I thought that bike went for what I expected it would.......I liked it(I'm not the buyer). Congrats to the owner. I hope they post the cleanup or resto here.  Cheers!


----------



## IngoMike (Jan 6, 2017)

I had $1480.00 sitting on my screen and I just could not hit the "Bid Now" button, which I think was a mistake. It looks like a complete example except for the one broken screw on the front fender, otherwise it looks perfect. Preserve the finish it has, put some rider tires on it, what a beauty! Congrats to the the new owner, and I hope it stays original!
 If I did not accidentally win another bike on eBay through a lowball bid the other day, I would have hit the "Bid Now" button on this beauty.
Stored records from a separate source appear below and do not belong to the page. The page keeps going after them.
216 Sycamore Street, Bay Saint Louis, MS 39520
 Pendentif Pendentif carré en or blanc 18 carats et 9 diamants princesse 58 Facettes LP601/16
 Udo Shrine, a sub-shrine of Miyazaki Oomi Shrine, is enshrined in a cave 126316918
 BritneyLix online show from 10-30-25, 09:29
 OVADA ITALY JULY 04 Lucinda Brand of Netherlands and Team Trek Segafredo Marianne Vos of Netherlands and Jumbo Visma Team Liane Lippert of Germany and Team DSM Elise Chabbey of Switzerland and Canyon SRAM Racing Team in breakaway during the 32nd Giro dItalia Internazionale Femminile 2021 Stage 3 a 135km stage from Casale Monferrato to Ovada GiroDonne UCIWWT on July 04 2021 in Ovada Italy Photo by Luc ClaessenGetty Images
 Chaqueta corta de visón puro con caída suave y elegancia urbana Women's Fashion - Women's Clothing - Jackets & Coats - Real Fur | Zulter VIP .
I don't know why I am bidding on these projects, I am more of a preservationist, and I do not have time for another project........the mind is a terrible thing to waste.


----------



## fordmike65 (Jan 7, 2017)

rustjunkie said:


> some folks just gotta have shiny



Meh...


----------



## rustjunkie (Jan 7, 2017)

IngoMike said:


> ... It looks like a complete example except for the one broken screw on the front fender, otherwise it looks perfect. Preserve the finish it has, put some rider tires on it, what a beauty! Congrats to the the new owner, and I hope it stays original!
> ... I don't know why I am bidding on these projects, I am more of a preservationist, and I do not have time for another project........the mind is a terrible thing to waste.




You can't save 'em all


----------



## Lynn43506 (Jan 10, 2017)

GTs58 said:


> Curious, are you happy with the final sell price?



Yes,I am


----------